Exercise directions |
In the records below, find the line containing "hermosa joven estudiante"; copy exactly that line and all lines after it to the end, and nothing else.

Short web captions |
● ● ● ● ● ● ●

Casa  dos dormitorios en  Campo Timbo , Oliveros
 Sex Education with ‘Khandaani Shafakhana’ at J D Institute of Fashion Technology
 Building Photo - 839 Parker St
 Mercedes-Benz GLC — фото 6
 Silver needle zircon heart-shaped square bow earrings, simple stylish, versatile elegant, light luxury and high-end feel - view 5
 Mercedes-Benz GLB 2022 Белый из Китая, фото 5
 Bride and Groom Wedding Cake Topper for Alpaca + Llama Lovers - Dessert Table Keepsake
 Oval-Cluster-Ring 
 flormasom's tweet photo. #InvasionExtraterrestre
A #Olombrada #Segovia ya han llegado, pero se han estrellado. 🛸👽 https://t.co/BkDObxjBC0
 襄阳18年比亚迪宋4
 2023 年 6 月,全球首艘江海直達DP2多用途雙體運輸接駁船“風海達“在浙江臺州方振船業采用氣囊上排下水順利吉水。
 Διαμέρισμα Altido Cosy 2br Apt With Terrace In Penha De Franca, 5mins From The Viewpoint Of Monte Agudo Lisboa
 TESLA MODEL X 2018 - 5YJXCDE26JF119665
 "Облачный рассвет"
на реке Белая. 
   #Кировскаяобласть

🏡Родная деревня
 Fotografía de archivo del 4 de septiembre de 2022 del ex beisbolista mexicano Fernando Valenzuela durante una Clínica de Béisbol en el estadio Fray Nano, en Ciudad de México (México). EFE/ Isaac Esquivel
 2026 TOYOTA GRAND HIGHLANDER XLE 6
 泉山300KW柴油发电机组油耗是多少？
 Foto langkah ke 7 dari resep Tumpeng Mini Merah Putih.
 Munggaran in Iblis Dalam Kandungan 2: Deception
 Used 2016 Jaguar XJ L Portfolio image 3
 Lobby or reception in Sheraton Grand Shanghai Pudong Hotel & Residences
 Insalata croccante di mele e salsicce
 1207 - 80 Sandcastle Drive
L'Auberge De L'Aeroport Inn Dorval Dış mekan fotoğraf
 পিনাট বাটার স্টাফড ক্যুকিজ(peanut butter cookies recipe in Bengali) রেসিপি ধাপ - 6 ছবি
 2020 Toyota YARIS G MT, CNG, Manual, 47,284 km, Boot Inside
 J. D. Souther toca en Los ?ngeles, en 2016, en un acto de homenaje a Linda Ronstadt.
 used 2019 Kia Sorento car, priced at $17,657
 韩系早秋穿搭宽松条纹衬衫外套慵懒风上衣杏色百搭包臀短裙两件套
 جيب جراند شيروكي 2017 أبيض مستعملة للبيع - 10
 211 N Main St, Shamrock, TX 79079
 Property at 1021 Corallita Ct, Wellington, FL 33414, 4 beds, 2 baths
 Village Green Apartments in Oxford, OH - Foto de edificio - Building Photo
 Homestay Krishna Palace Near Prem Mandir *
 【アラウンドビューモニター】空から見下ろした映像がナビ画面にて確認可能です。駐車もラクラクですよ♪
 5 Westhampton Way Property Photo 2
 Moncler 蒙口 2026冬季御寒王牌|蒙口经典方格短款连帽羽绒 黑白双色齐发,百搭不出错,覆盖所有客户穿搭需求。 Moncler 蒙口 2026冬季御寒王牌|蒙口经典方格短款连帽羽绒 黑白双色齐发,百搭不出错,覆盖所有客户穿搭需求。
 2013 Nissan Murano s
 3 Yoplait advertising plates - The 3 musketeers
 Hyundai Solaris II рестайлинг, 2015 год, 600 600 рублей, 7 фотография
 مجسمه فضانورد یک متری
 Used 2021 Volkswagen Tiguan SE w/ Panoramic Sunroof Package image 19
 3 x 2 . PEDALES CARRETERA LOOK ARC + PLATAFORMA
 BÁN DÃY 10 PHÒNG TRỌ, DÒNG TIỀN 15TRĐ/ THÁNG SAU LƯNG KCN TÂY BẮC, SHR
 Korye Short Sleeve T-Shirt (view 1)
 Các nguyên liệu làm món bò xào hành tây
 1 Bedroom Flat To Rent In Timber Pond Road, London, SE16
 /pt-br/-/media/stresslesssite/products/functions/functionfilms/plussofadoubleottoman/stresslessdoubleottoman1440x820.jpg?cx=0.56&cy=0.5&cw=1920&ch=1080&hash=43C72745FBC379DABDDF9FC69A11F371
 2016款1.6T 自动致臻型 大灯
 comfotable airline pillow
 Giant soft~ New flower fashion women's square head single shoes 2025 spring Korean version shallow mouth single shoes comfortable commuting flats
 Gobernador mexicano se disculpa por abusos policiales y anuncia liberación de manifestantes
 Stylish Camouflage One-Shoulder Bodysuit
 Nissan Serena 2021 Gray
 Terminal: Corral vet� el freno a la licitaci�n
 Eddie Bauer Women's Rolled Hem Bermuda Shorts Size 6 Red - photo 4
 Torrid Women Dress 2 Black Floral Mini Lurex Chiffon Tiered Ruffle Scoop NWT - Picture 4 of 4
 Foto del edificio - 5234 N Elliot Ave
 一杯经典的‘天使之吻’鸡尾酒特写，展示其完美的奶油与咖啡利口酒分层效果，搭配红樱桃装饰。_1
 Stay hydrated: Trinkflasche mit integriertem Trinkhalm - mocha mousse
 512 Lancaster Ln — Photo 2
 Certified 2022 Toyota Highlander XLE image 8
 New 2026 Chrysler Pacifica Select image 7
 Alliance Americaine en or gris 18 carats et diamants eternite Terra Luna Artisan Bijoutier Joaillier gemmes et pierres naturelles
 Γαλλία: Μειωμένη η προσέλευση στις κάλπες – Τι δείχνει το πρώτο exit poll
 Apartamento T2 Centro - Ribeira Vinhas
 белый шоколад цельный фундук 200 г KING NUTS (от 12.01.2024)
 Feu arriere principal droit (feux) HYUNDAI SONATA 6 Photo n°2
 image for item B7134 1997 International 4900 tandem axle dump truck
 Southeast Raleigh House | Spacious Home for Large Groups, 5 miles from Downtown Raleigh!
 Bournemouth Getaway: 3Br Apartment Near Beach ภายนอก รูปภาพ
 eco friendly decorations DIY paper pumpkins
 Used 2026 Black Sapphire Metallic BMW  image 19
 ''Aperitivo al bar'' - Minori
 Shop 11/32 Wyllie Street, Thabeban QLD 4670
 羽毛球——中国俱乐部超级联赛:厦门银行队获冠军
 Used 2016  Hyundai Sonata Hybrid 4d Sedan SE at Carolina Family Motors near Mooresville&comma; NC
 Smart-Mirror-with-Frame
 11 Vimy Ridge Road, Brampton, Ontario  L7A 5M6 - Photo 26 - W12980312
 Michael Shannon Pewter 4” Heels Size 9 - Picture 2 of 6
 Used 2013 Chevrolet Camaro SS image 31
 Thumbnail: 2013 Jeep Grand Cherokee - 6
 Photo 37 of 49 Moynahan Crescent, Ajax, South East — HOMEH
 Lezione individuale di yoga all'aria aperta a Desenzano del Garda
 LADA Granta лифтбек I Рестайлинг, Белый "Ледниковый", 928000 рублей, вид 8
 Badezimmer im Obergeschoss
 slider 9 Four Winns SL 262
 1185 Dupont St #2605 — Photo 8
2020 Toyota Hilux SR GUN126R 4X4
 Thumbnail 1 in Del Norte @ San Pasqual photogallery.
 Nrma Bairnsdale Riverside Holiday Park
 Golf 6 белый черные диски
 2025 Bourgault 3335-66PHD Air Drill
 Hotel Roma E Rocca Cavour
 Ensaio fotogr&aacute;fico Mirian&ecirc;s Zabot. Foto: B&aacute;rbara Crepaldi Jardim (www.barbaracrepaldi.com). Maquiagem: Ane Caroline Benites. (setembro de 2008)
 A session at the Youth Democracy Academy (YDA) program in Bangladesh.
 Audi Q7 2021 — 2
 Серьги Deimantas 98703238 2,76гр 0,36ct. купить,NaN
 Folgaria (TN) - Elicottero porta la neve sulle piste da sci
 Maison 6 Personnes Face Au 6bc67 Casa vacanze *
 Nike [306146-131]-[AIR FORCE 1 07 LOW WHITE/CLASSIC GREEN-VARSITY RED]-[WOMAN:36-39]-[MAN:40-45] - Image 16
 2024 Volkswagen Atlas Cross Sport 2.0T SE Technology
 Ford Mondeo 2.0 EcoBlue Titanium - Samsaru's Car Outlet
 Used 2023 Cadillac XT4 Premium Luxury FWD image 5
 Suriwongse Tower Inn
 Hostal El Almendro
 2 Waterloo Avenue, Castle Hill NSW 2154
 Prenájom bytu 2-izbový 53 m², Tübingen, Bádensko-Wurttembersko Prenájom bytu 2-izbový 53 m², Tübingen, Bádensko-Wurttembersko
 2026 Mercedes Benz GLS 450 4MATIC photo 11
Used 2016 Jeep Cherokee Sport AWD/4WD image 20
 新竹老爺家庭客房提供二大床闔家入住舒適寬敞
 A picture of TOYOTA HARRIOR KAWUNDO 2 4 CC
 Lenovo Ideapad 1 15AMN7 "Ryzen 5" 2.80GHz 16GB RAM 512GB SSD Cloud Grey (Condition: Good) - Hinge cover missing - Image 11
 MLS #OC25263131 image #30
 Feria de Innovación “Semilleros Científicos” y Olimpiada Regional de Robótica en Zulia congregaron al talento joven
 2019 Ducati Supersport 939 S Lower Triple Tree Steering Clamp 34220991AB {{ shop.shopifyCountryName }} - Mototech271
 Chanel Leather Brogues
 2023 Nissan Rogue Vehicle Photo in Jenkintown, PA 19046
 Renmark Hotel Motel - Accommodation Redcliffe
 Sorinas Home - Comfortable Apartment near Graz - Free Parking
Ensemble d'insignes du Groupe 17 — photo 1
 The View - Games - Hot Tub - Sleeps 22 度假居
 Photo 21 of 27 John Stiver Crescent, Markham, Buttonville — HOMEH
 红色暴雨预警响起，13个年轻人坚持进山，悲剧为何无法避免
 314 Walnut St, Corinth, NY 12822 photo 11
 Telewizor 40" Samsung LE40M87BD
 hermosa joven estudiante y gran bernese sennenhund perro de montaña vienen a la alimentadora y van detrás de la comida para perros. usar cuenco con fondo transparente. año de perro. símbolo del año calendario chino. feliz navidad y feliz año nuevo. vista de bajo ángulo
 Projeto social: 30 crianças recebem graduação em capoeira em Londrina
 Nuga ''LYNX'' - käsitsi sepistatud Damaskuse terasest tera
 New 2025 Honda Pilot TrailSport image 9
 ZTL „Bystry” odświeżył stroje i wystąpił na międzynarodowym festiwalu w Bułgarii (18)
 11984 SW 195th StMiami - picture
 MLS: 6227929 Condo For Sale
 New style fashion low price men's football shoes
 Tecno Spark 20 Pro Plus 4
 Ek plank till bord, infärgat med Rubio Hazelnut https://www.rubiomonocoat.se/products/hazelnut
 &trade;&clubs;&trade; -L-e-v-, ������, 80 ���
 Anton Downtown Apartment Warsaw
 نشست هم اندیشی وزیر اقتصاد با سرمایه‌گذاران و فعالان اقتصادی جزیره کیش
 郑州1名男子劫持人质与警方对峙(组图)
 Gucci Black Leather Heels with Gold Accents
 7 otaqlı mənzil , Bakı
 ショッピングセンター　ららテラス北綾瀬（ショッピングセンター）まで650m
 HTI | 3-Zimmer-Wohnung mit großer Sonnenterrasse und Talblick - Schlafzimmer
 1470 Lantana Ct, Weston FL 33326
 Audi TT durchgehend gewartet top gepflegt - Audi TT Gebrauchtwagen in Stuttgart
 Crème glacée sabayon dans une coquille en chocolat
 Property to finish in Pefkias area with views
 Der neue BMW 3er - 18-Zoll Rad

● ● ● ● ● ● ●

Written answer |
 hermosa joven estudiante y gran bernese sennenhund perro de montaña vienen a la alimentadora y van detrás de la comida para perros. usar cuenco con fondo transparente. año de perro. símbolo del año calendario chino. feliz navidad y feliz año nuevo. vista de bajo ángulo
 Projeto social: 30 crianças recebem graduação em capoeira em Londrina
 Nuga ''LYNX'' - käsitsi sepistatud Damaskuse terasest tera
 New 2025 Honda Pilot TrailSport image 9
 ZTL „Bystry” odświeżył stroje i wystąpił na międzynarodowym festiwalu w Bułgarii (18)
 11984 SW 195th StMiami - picture
 MLS: 6227929 Condo For Sale
 New style fashion low price men's football shoes
 Tecno Spark 20 Pro Plus 4
 Ek plank till bord, infärgat med Rubio Hazelnut https://www.rubiomonocoat.se/products/hazelnut
 &trade;&clubs;&trade; -L-e-v-, ������, 80 ���
 Anton Downtown Apartment Warsaw
 نشست هم اندیشی وزیر اقتصاد با سرمایه‌گذاران و فعالان اقتصادی جزیره کیش
 郑州1名男子劫持人质与警方对峙(组图)
 Gucci Black Leather Heels with Gold Accents
 7 otaqlı mənzil , Bakı
 ショッピングセンター　ららテラス北綾瀬（ショッピングセンター）まで650m
 HTI | 3-Zimmer-Wohnung mit großer Sonnenterrasse und Talblick - Schlafzimmer
 1470 Lantana Ct, Weston FL 33326
 Audi TT durchgehend gewartet top gepflegt - Audi TT Gebrauchtwagen in Stuttgart
 Crème glacée sabayon dans une coquille en chocolat
 Property to finish in Pefkias area with views
 Der neue BMW 3er - 18-Zoll Rad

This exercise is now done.